● **Aim of the task**: Should a picture appear anywhere in the data, omit it and copy everything else exactly.

● **Input**:
•••
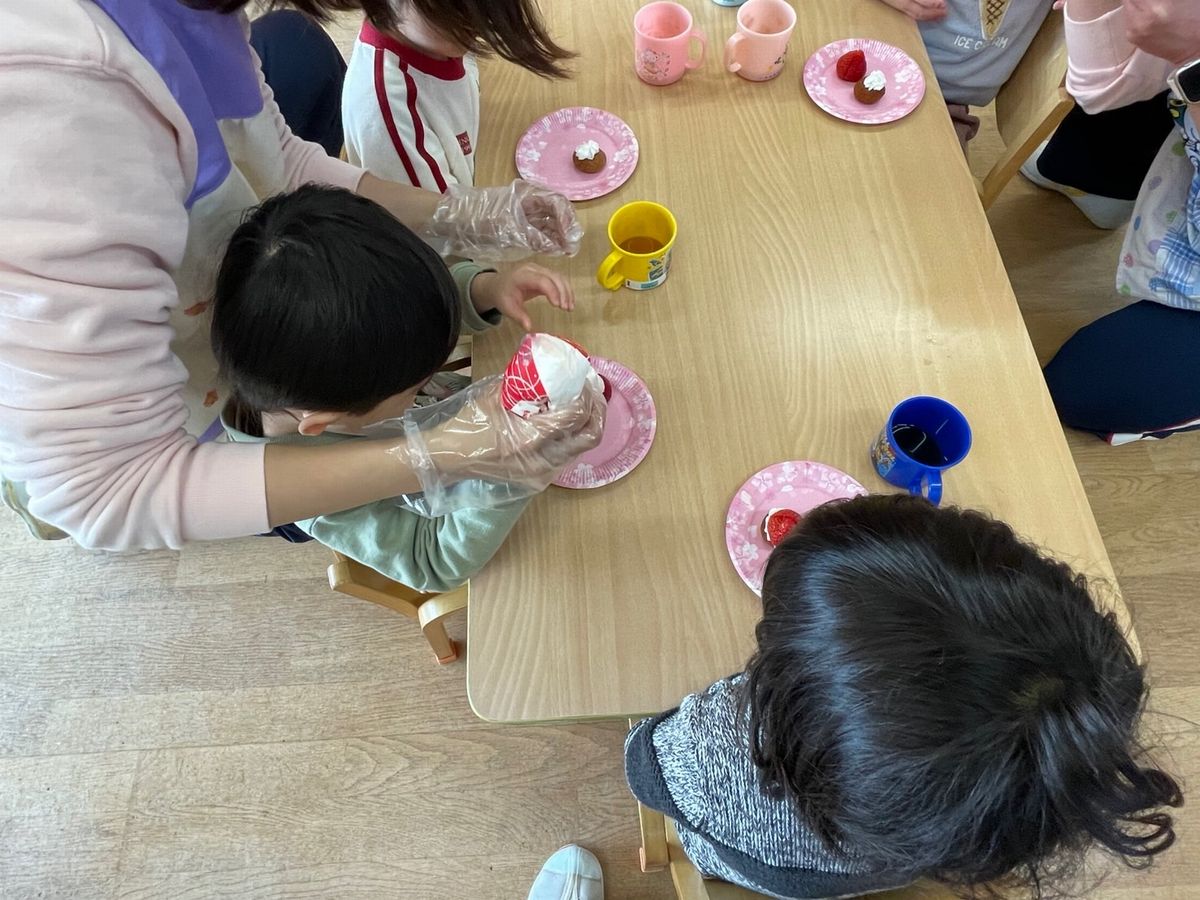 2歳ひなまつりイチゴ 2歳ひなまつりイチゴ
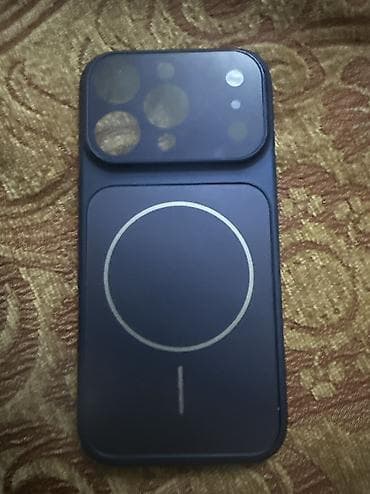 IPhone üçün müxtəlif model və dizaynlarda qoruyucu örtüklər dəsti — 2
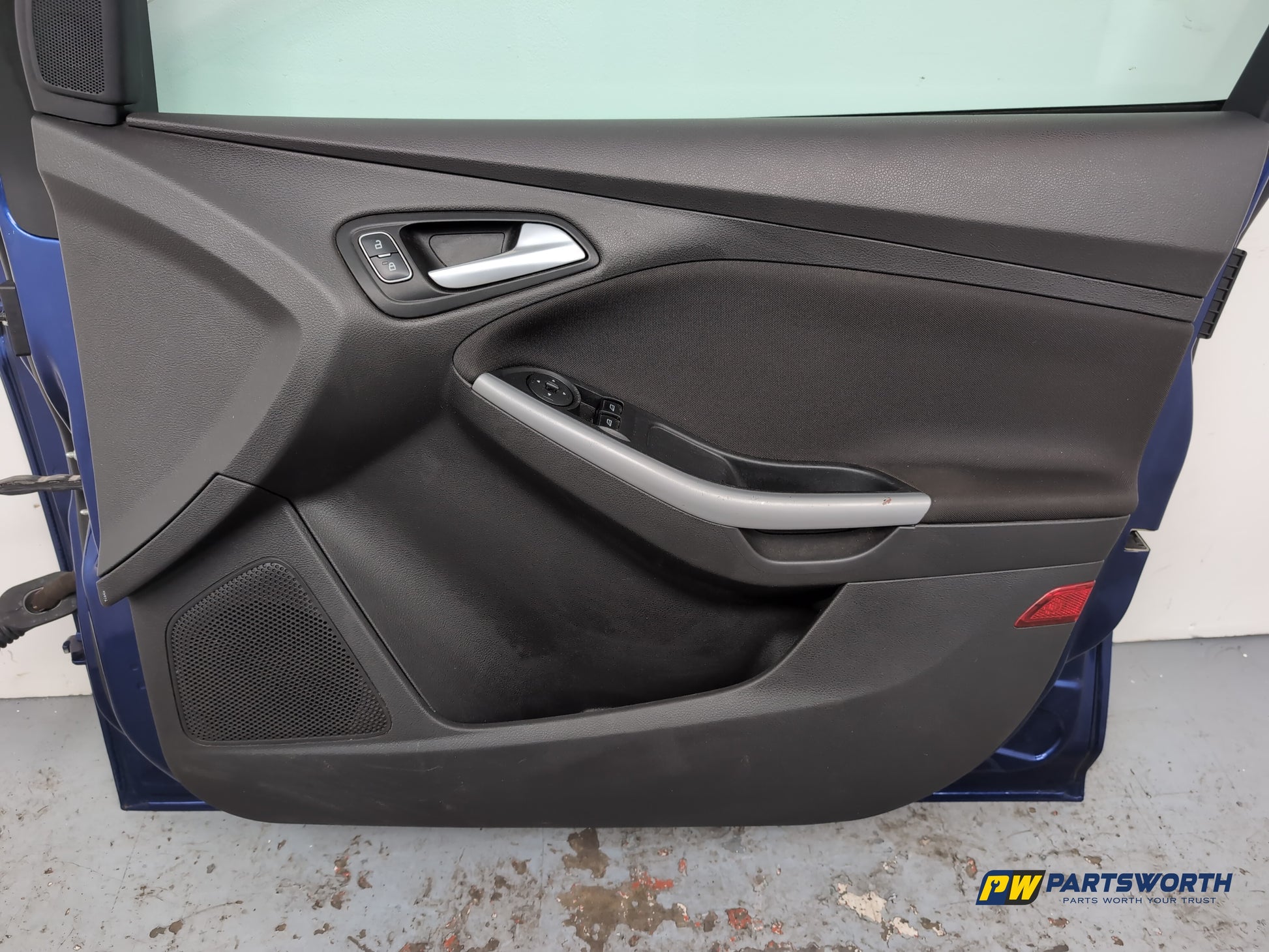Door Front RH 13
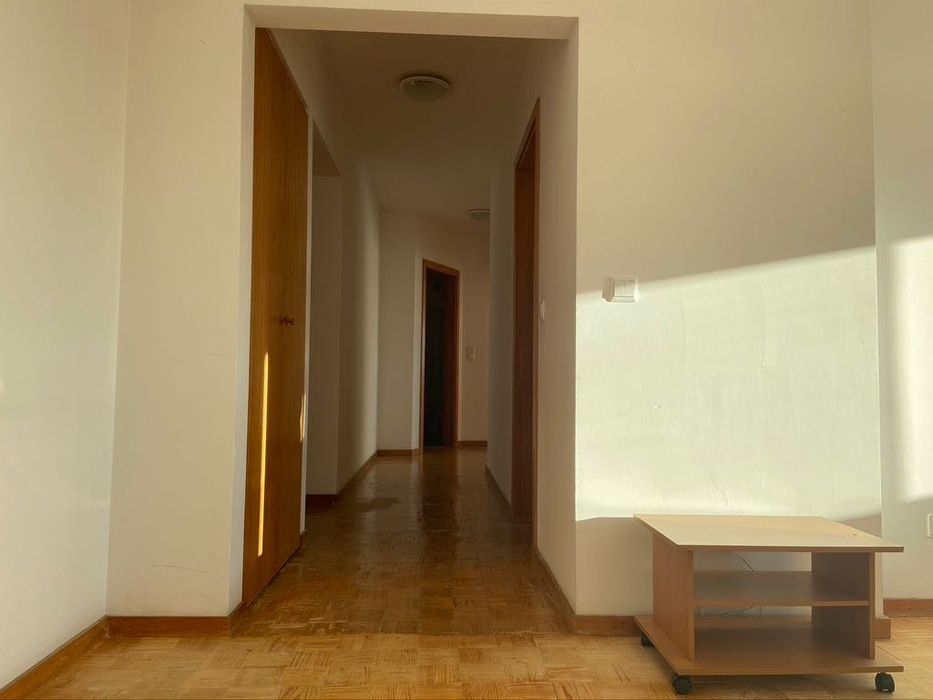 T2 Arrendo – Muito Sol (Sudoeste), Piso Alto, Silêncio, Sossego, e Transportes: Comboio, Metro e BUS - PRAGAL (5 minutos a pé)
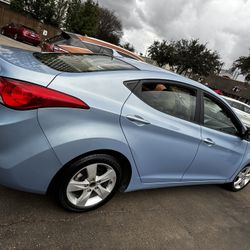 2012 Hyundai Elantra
•••
● **Reply**:
 2歳ひなまつりイチゴ 2歳ひなまつりイチゴ
 IPhone üçün müxtəlif model və dizaynlarda qoruyucu örtüklər dəsti — 2
Door Front RH 13
 T2 Arrendo – Muito Sol (Sudoeste), Piso Alto, Silêncio, Sossego, e Transportes: Comboio, Metro e BUS - PRAGAL (5 minutos a pé)
 2012 Hyundai Elantra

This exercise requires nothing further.